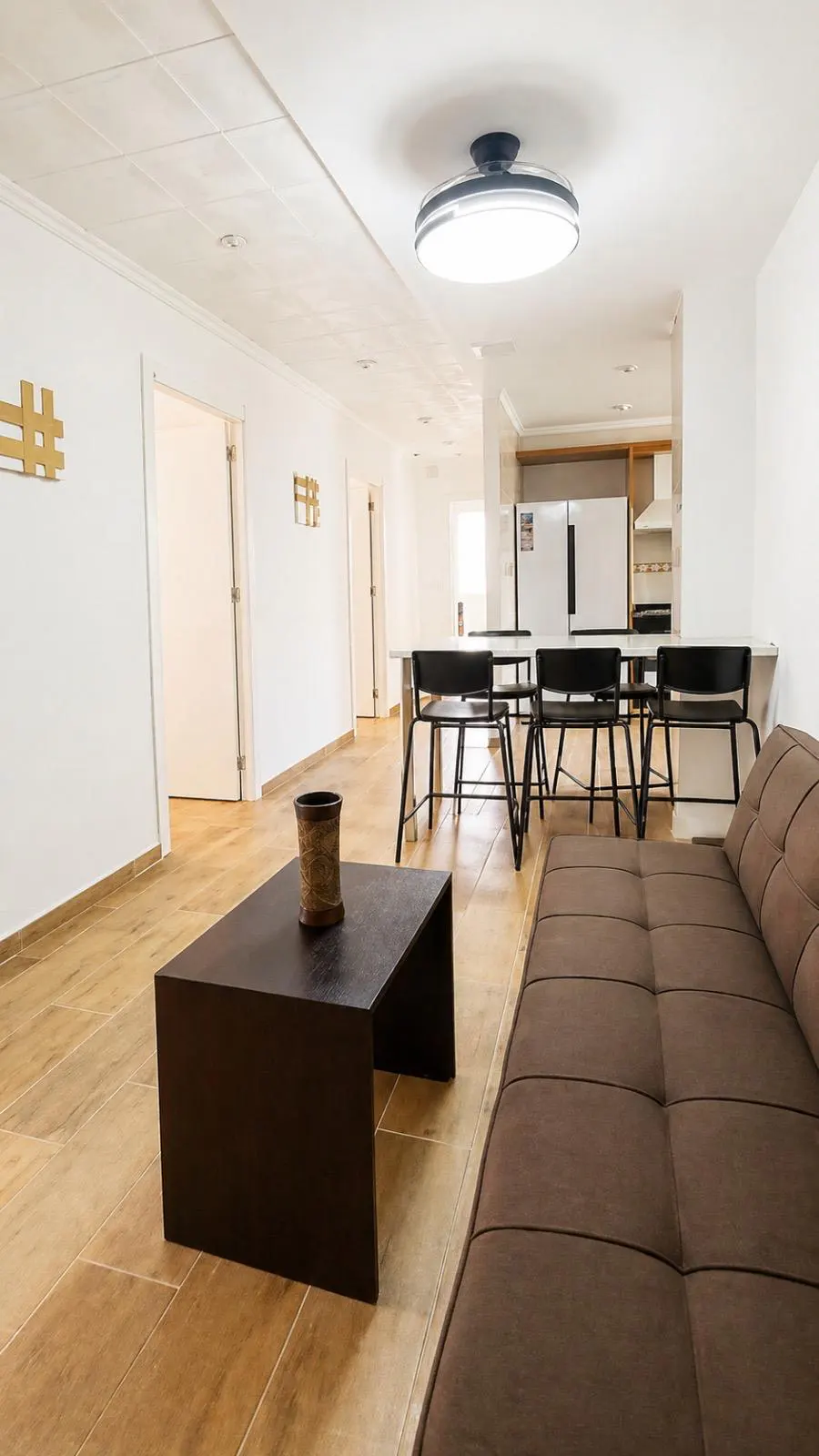 Bright, open-concept living space with a brown sofa, dark coffee table, and a kitchen in the background. White walls and light wood floors.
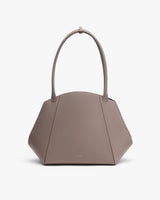 Handbag with long handles and geometric shape.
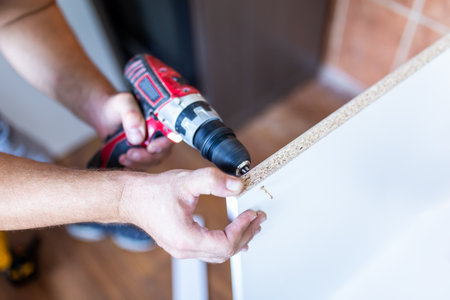 Male Using Self-Assembly Kit Making Cabinetの写真素材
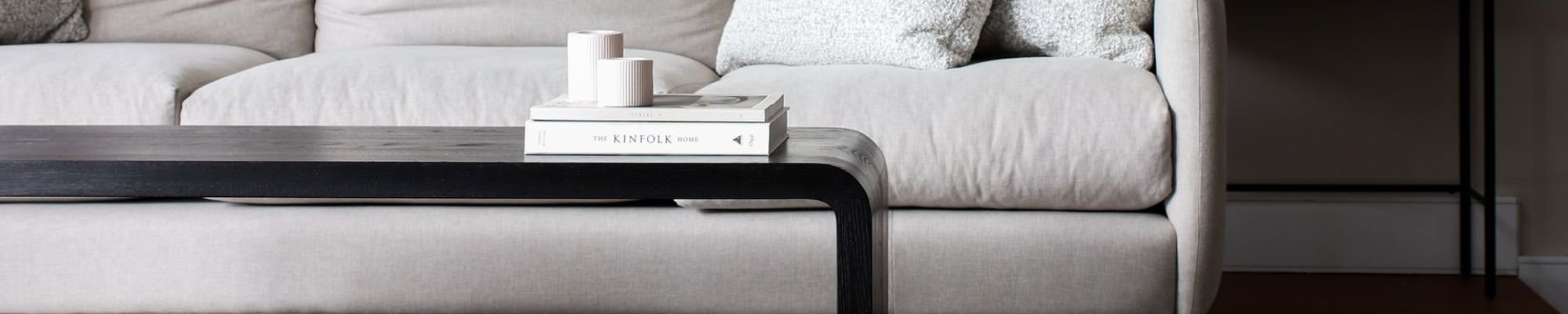 white couch and black coffee table on a gray carpet floor from Apollo Flooring Center in Tuscon, AZ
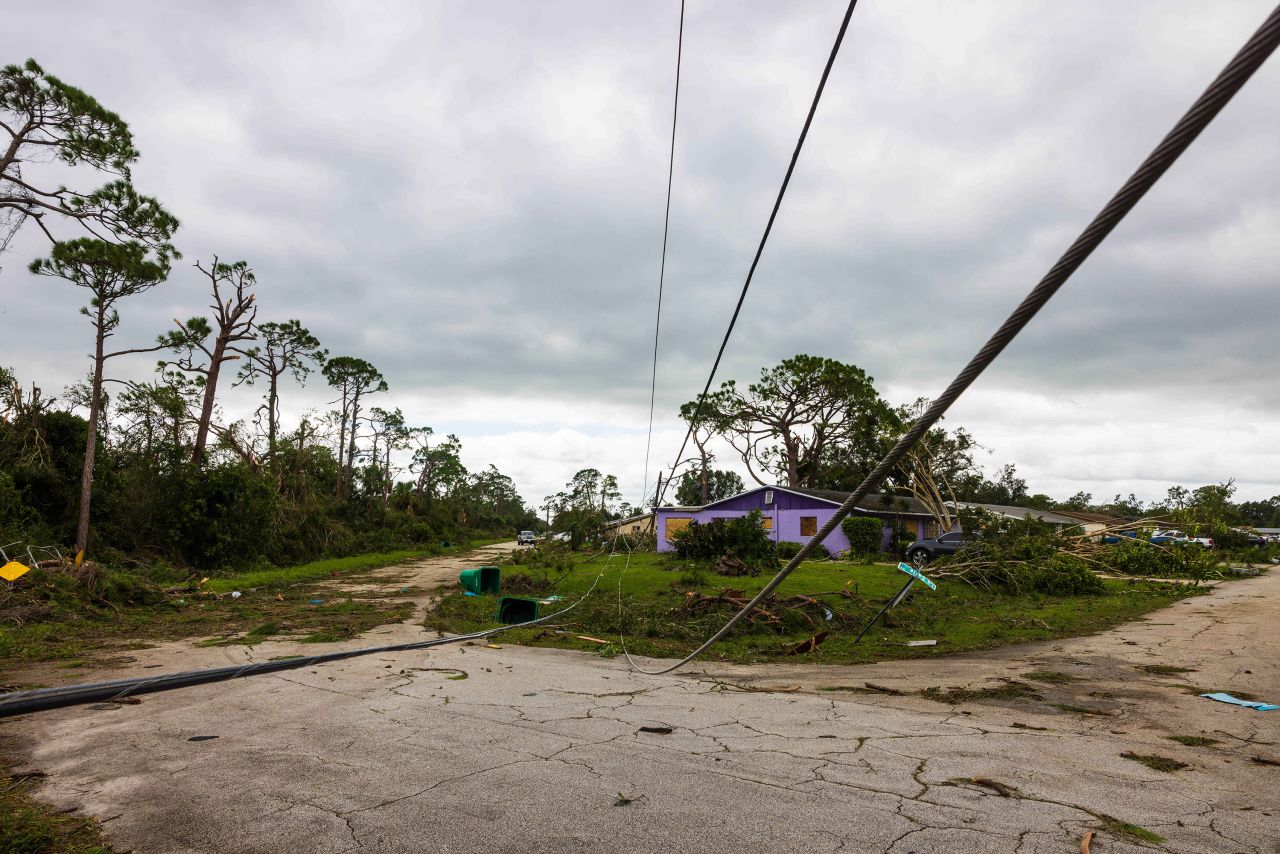 Downed power lines lie on the ground in Port St. Lucie, Florida, on October 10.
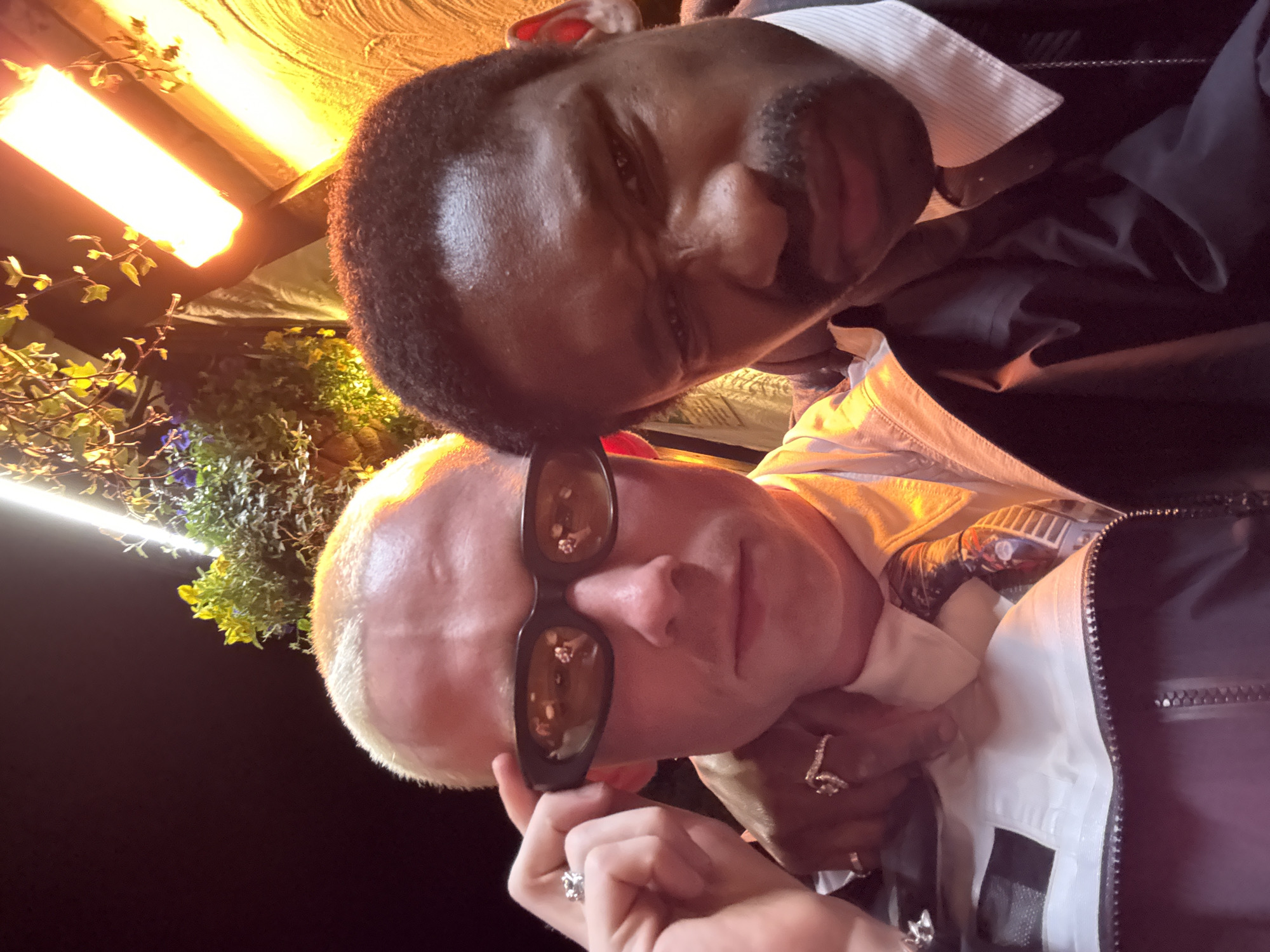 The image captures two individuals in close proximity, likely a selfie or a photo taken at close range. The person in the foreground has fair skin and light-colored hair, wearing sunglasses. Their hand is visible, adorned with a ring. The other person has dark skin and short, dark hair with a mustache. They are wearing a light-colored collared shirt beneath a dark jacket. The background suggests an outdoor setting, with greenery and some artificial lighting. This image was likely taken in London, United Kingdom.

····················

* _Problem requirements_: Can the lines from the one with "Male Using Self-Assembly" to the end of the records above be quoted exactly, both ends included, with every picture omitted?

* _Written reply_:
 Male Using Self-Assembly Kit Making Cabinetの写真素材
 white couch and black coffee table on a gray carpet floor from Apollo Flooring Center in Tuscon, AZ
 Downed power lines lie on the ground in Port St. Lucie, Florida, on October 10.
 The image captures two individuals in close proximity, likely a selfie or a photo taken at close range. The person in the foreground has fair skin and light-colored hair, wearing sunglasses. Their hand is visible, adorned with a ring. The other person has dark skin and short, dark hair with a mustache. They are wearing a light-colored collared shirt beneath a dark jacket. The background suggests an outdoor setting, with greenery and some artificial lighting. This image was likely taken in London, United Kingdom.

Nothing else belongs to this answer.